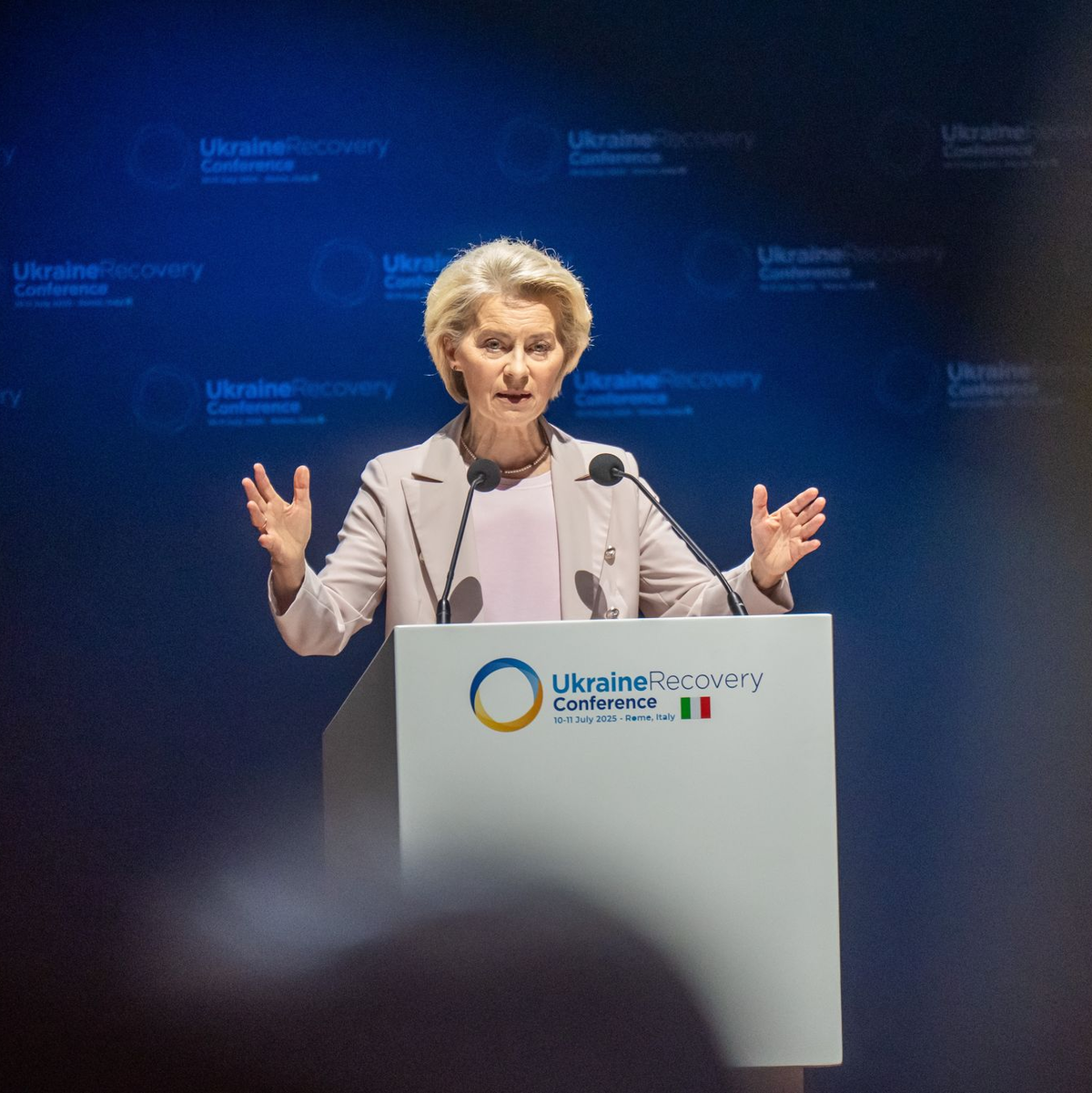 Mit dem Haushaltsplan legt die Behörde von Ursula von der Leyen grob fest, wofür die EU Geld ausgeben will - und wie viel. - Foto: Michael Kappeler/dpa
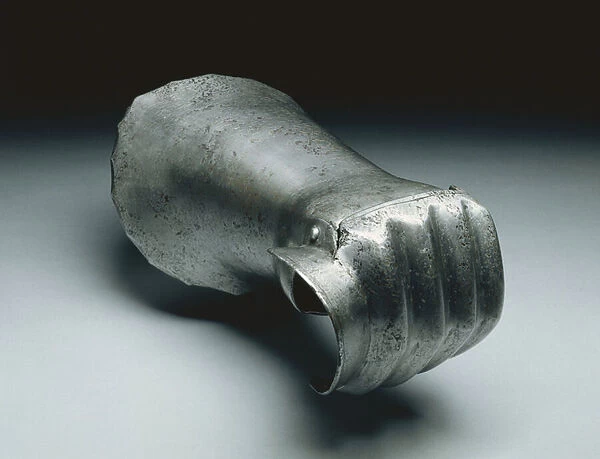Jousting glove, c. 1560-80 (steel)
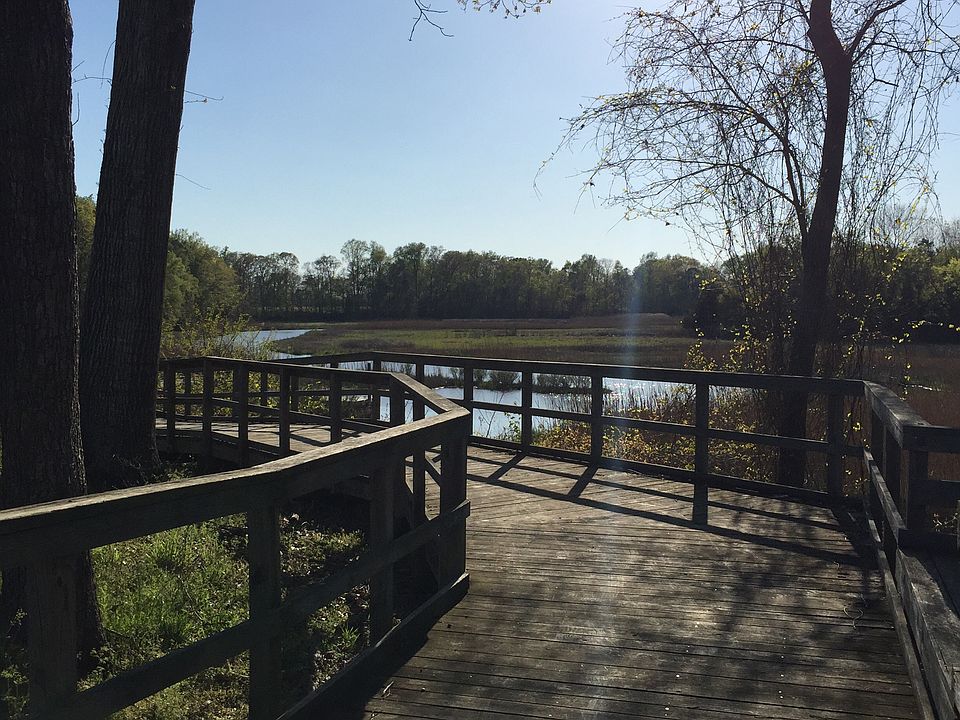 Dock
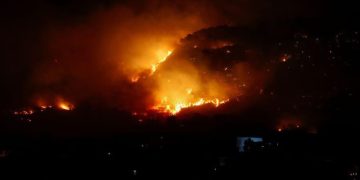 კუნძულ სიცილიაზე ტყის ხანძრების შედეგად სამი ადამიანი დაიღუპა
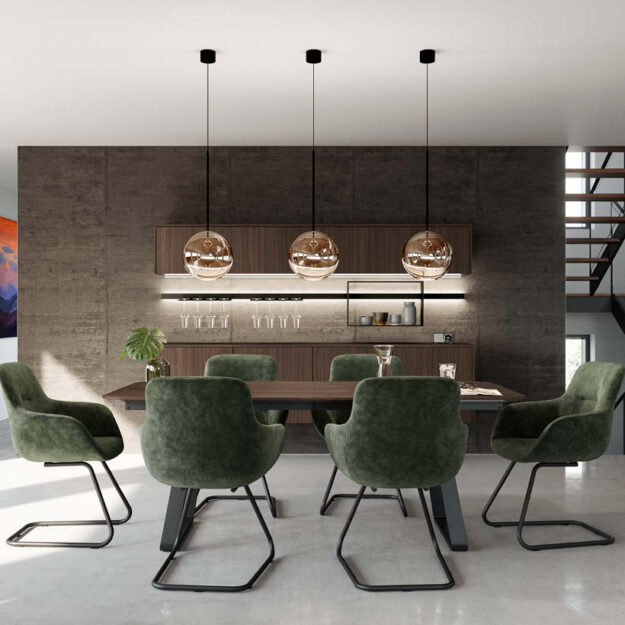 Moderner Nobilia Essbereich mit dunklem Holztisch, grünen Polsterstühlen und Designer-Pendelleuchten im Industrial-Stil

---

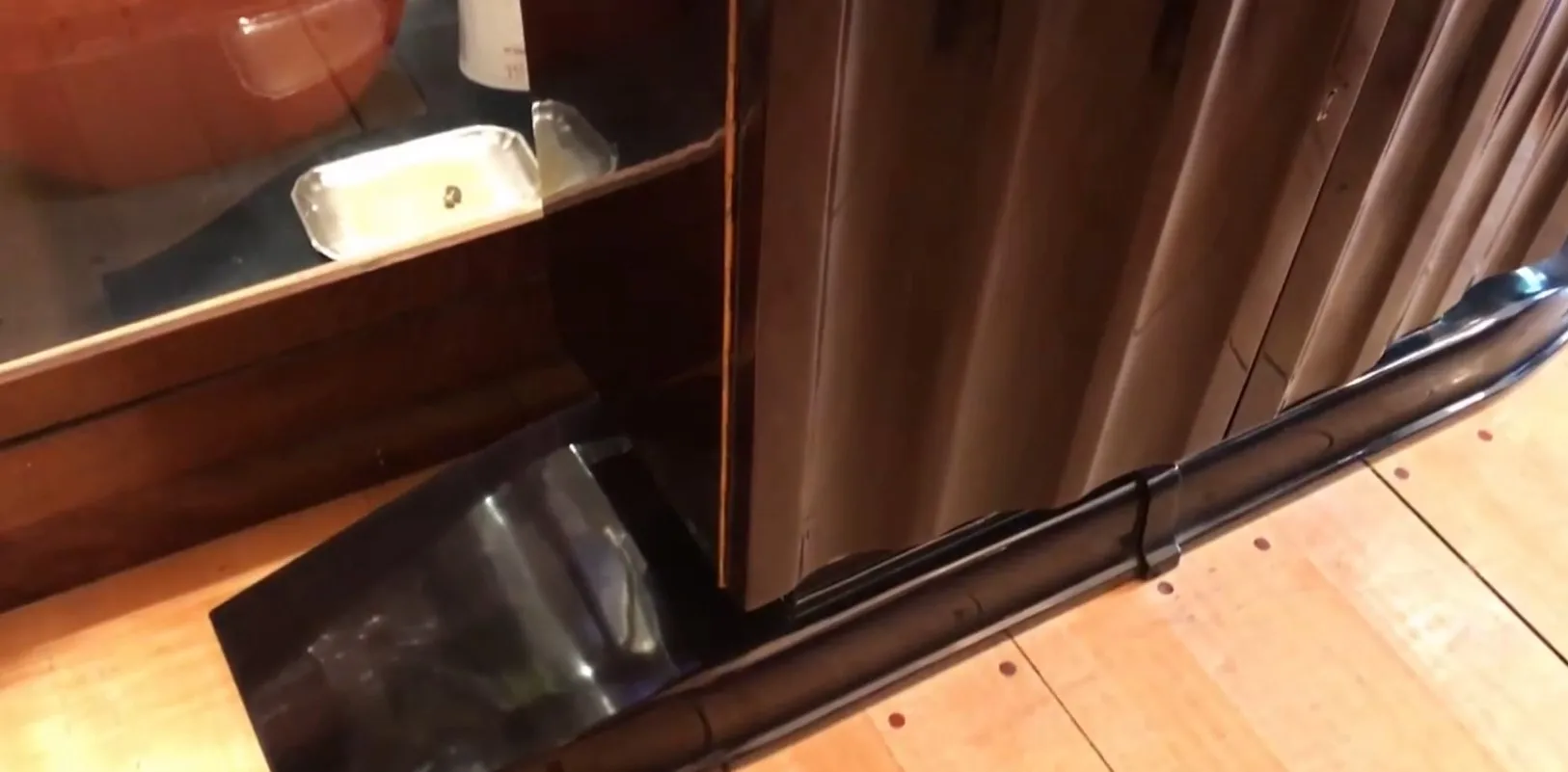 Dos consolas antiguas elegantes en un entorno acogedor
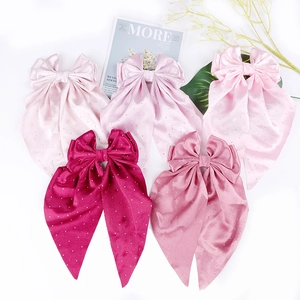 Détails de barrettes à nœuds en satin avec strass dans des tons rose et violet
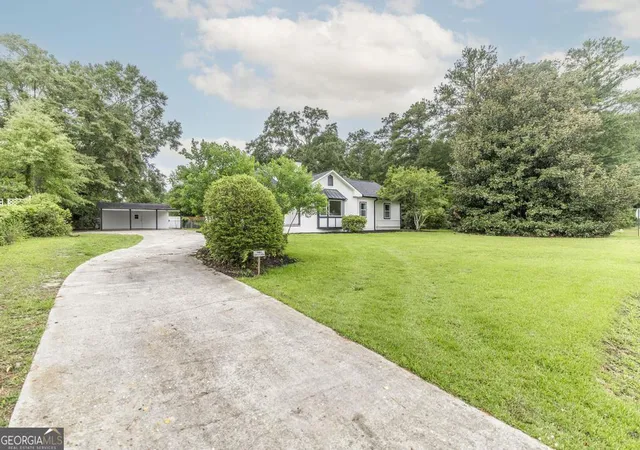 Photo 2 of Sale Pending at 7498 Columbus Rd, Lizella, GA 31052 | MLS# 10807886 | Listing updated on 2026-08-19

...

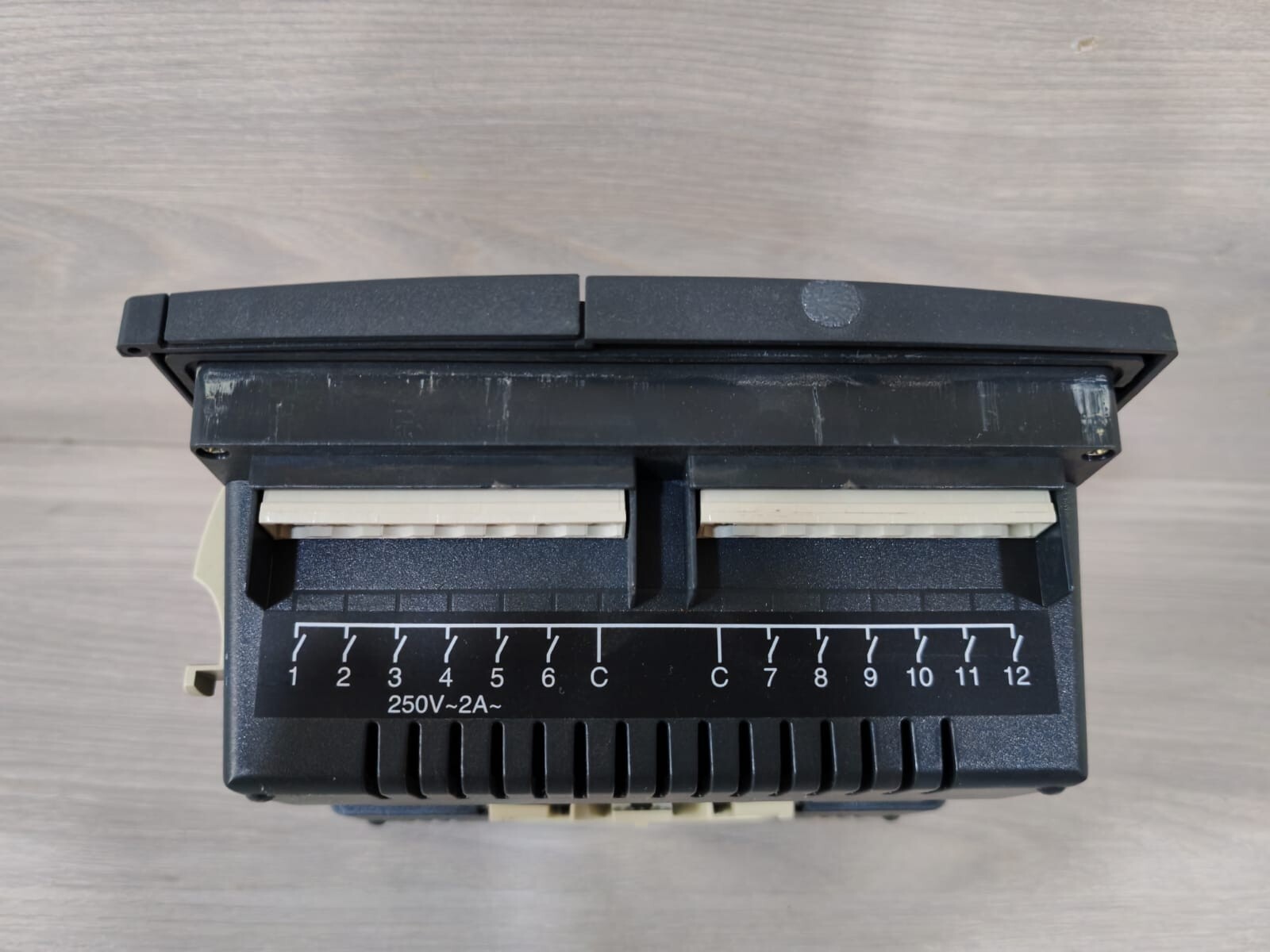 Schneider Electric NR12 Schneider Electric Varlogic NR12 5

§ **PROBLEM DETAILS**
What is needed is an exact copy of the lines above, from the one holding "Mit dem Haushaltsplan" down to the one holding "Moderner Nobilia Essbereich", with those two included and the pictures left out.

§ **OUTPUT FOR THIS EXERCISE**
 Mit dem Haushaltsplan legt die Behörde von Ursula von der Leyen grob fest, wofür die EU Geld ausgeben will - und wie viel. - Foto: Michael Kappeler/dpa
Jousting glove, c. 1560-80 (steel)
 Dock
 კუნძულ სიცილიაზე ტყის ხანძრების შედეგად სამი ადამიანი დაიღუპა
 Moderner Nobilia Essbereich mit dunklem Holztisch, grünen Polsterstühlen und Designer-Pendelleuchten im Industrial-Stil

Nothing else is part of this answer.